START SUPPLIED DATA
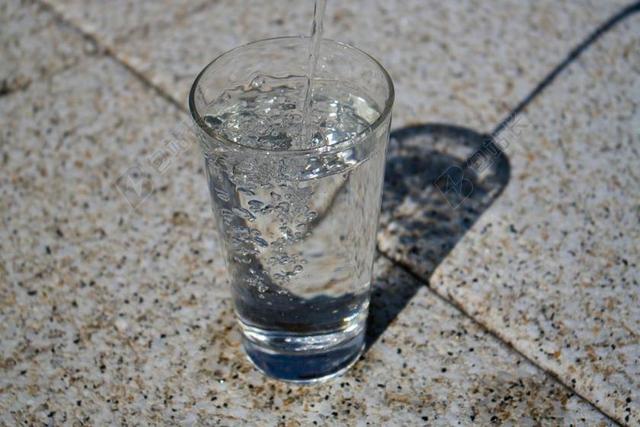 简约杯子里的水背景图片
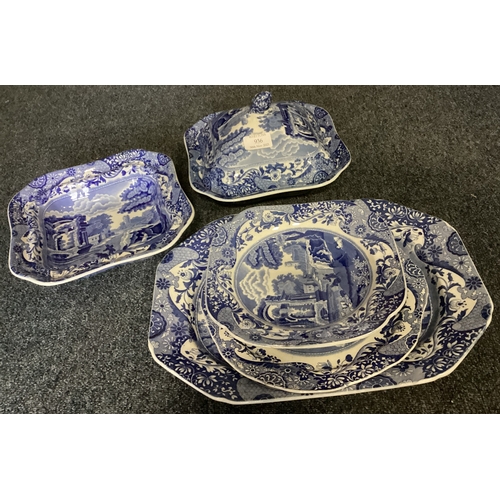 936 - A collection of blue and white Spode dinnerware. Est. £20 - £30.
END SUPPLIED DATA
START SUPPLIED DATA
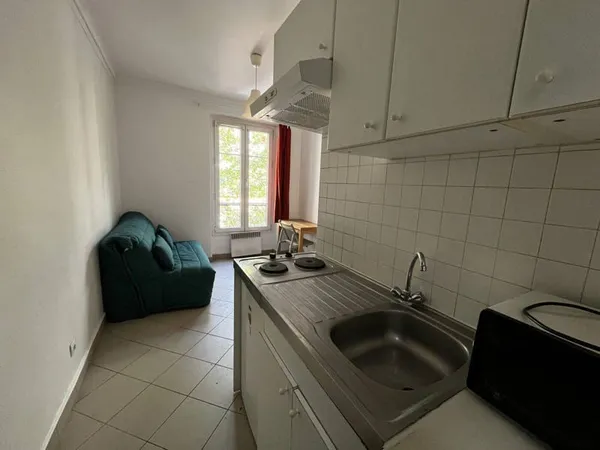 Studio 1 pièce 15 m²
END SUPPLIED DATA
YOUR GOAL:
Working from the entries above, please transcribe only the lines from the line with "简约杯子里的水背景图片" through the line with "936 - A collection", exactly, with both end lines and without pictures.

SOLUTION TO THIS EXERCISE:
 简约杯子里的水背景图片
 936 - A collection of blue and white Spode dinnerware. Est. £20 - £30.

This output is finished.